In particular, one early sex scene in Normal People – where Connell and Marianne first have sex and Connell says it won’t be awkward if she decides to stop – has won plaudits.
This isn’t an accident. Shows like this use someone called an intimacy co-ordinator. Sex Education did it, and as with that, the sex scenes just seem to land right. Ita O’Brien, who worked on the Normal People production as an intimacy co-ordinator, has revealed the process behind all this.
Sex scenes are planned out in meticulous detail before, using a host of tricks. “I’m bringing in techniques, like holding onto different body parts, looking at what we can push against each other,” O’Brien told The Times.
“You never want to have pubic bone against pubic bone,” said O’Brien.
As an intimacy co-ordinator, O’Brien also talks to the actors so everyone knows what’s off-limits – some actors might or might not be okay with kissing nipples, for example. In Normal People, Daisy Edgar-Jones, playing Marianne, wears a wig in early scenes. Consequently, co-star Paul Mescal was warned off running his fingers through her hair. More broadly, “Daisy, Paul and I would talk through where they could touch each other, where they could kiss each other,” O’Brien told The Guardian.

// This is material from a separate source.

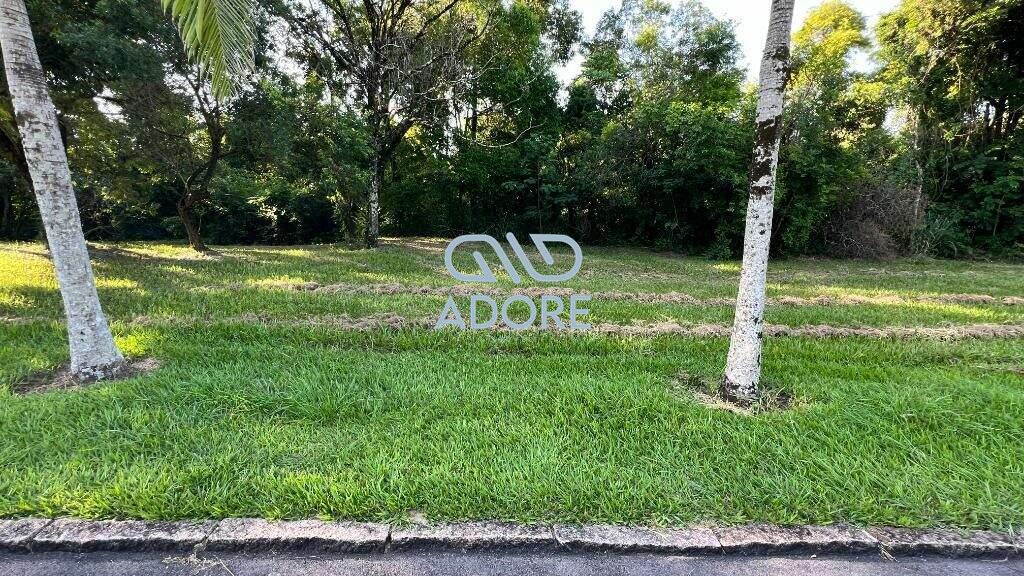 Terreno à venda no Condomínio Fazenda Vila Real:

This means that by the time the actors get to film the scenes, they’re basically just acting out a routine. Wearing genital guards, they usually hug each other to break the ice, then start filming.
One particular challenge filming Normal People was not just the physical aspect of the sex, but also the emotional. After all, in the book, so much of the plot takes place essentially in the characters’ heads, with their remarkably self-knowing inner monologues. On screen, a lot of that is told visually. “That gaze is everything when someone is really connected — when do they look away?” O’Brien told The Times.
However, alongside loving gazes, Normal People does have a lot of shagging. However, it’s not there for its own sake, says O’Brien. “Those scenes chart the delicacy, the beauty, the openness of this incredible, something-other relationship. It was crucial for me to honour Sally’s writing. There is nothing gratuitous. But there is also a lot of sex,” O’Brien told The Guardian.
That really is no overstatement. By the end of shooting, O’Brien – who also worked on Sex Education – told Mescal and Edgar-Jones: “You have done the most scenes of anybody I have worked with.”